This performs as you’d expect using the default RAND_METHOD (crypto/rand/md_rand.c):

$ ./simple-randtest 
strong randomness: 38799d450b619ccaa05e0265a7b35c293aec6f4ef314665e75c57871
$

However, if we arrange for a certain malloc(3) invocation to fail, we get:

$ MALLOC_FAILS=57 LD_PRELOAD=./brokenmalloc.so ./simple-randtest 
failed malloc 57 by request
weak randomness: 00000000000000000000000000000000000000000000000000000000
$ 

That’s really not healthy.


3. Callers

Review of RAND_bytes callers

The scheme for RAND_bytes’s return value is a bad idea, because it makes the natural way to write a call incorrect1:

if (!RAND_bytes(...))
    /* handle error ... */

That this is incorrect didn’t stop people calling it that way. Debian code search gives us some culprits, including OpenSSL (yes, really: OpenSSL calls its own API incorrectly), Ruby, net-snmp, ZNC, DACS, and dnsval/dnssec-tools2. Github code search gives 1456 results for the same query. Android also called this incorrectly in versions before 4.4.

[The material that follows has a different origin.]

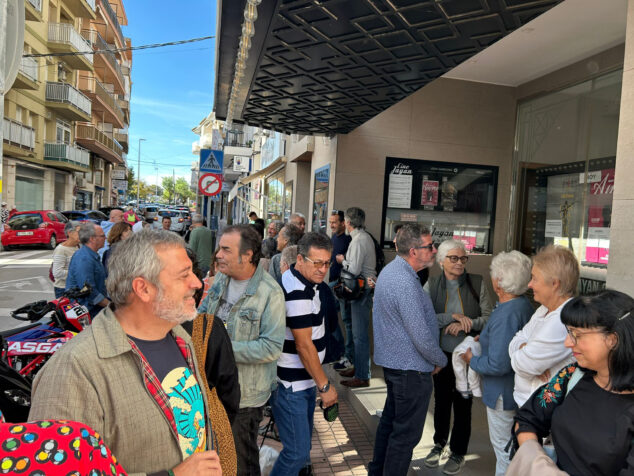 Imagen: Asistentes al evento de Ojos Rojos en el cine Jayan de Xàbia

These are of particular concern where other modules existing in the same process space, and could plausibly install a RAND method which doesn’t support RAND_bytes – like language runtimes and libraries.

Review of RAND_pseudo_bytes callers

We can divide callers of RAND_pseudo_bytes into a few classes:

In other words, calling RAND_pseudo_bytes is always either unreliable, or merely pointless.

Dangerous: BN_pseudo_rand

BN_pseudo_rand can return bits of heap converted to a bignum if RAND_pseudo_bytes fails. The same bug spreads to BN_pseudo_rand_range, BN_generate_prime_ex (when choosing Rabin-Miller witnesses), etc.

Pointless: SSL and TLS server code (ssl/s3_srvr.c)

Behold!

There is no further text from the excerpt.